** Opening ENTRIES PROVIDED block **
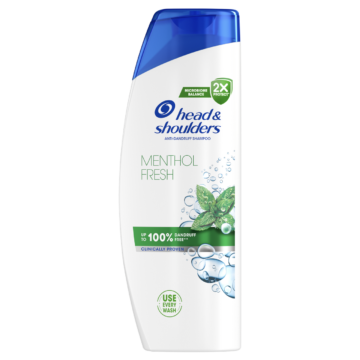 Head & Shoulders Menthol Fresh Korpásodás Elleni Sampon 400 ml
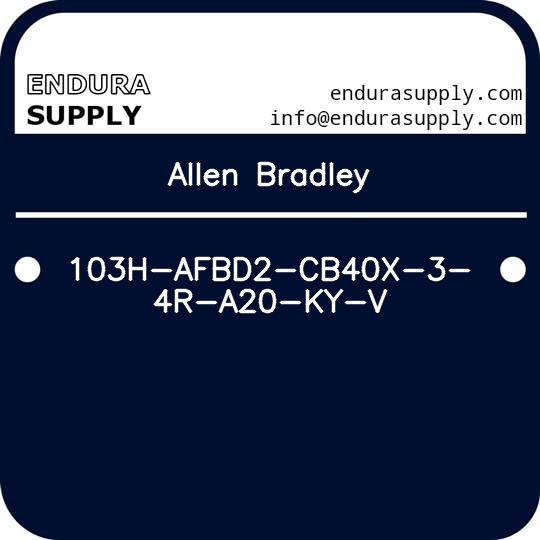 allen-bradley-103h-afbd2-cb40x-3-4r-a20-ky-v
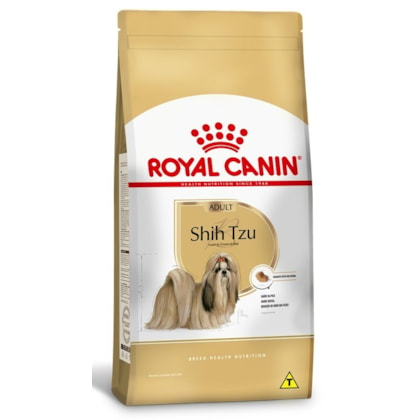 Ração Seca Royal Canin para Cães Adultos da Raça Shih Tzu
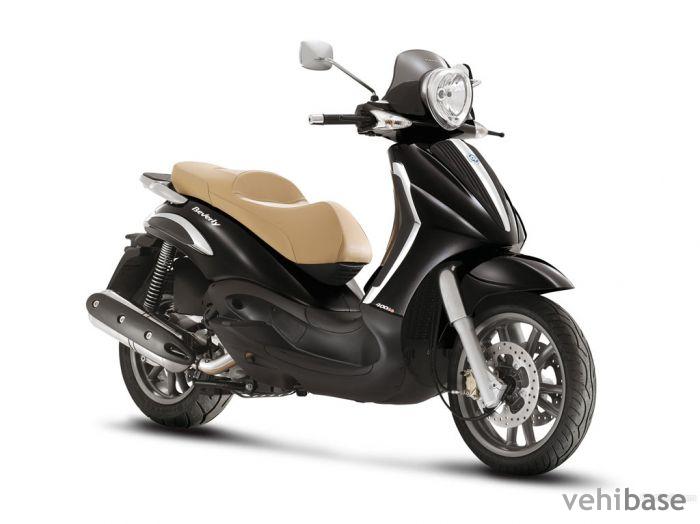 Piaggio Beverly Tourer 400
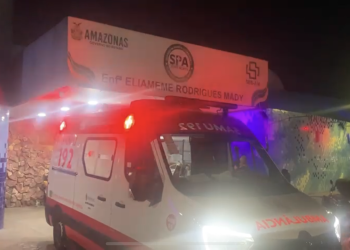 Bochecha é baleado após ter casa invadida no Manoa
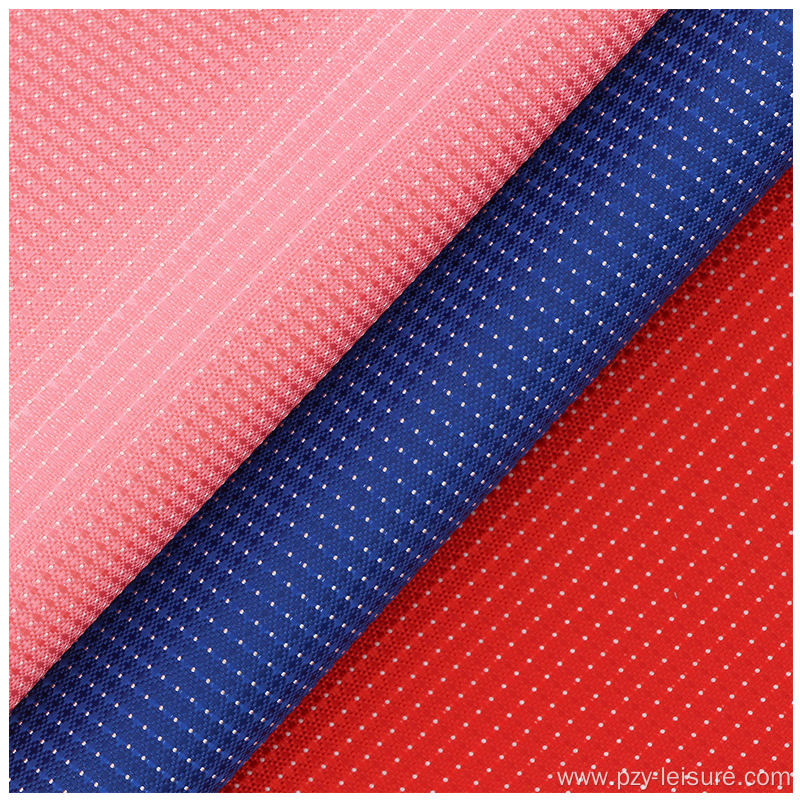 Reflective Dotted Oxford Fabric with PVC coated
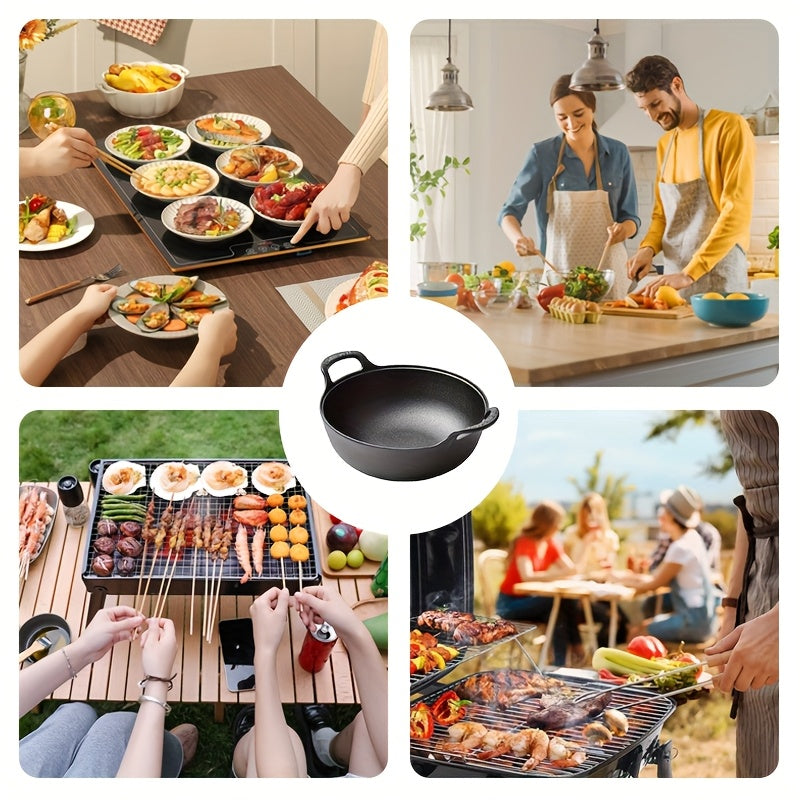 Versatile Cast Iron Mini Skillet for Perfect Cooking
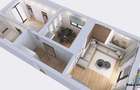 Apartament cu 2 camere decomandat în Sânpetru - 6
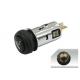ESQ6110 Universal car cigarette ligter Replacement 12V silver color 120W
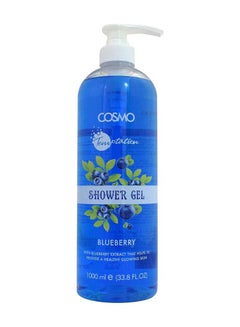 Buy Blueberry Shower Gel 1000ml in UAE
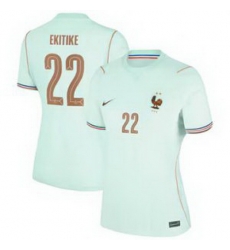 Women 22Hugo Ekitike France Jersey 4 Women 22Hugo Ekitike France Jersey 4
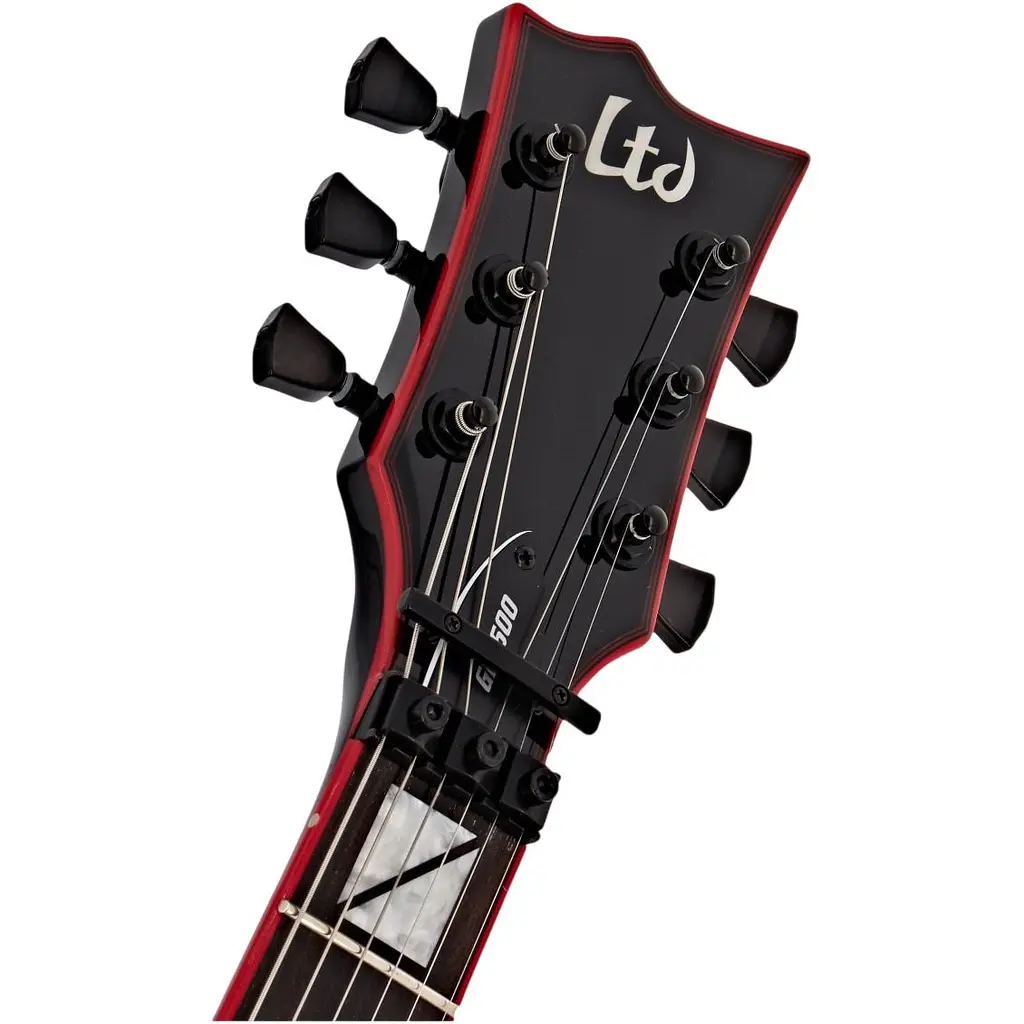 Електрогітара LTD GH-600 Gary Holt Signature Black (160728) - фото 6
** Closing ENTRIES PROVIDED block **
→ EXERCISE
The required answer is every line from the one containing "Apartament cu 2" through the last line of the entries, restated word for word and with no pictures.

→ RESULT FOR THIS EXERCISE
 Apartament cu 2 camere decomandat în Sânpetru - 6
ESQ6110 Universal car cigarette ligter Replacement 12V silver color 120W
 Buy Blueberry Shower Gel 1000ml in UAE
 Women 22Hugo Ekitike France Jersey 4 Women 22Hugo Ekitike France Jersey 4
 Електрогітара LTD GH-600 Gary Holt Signature Black (160728) - фото 6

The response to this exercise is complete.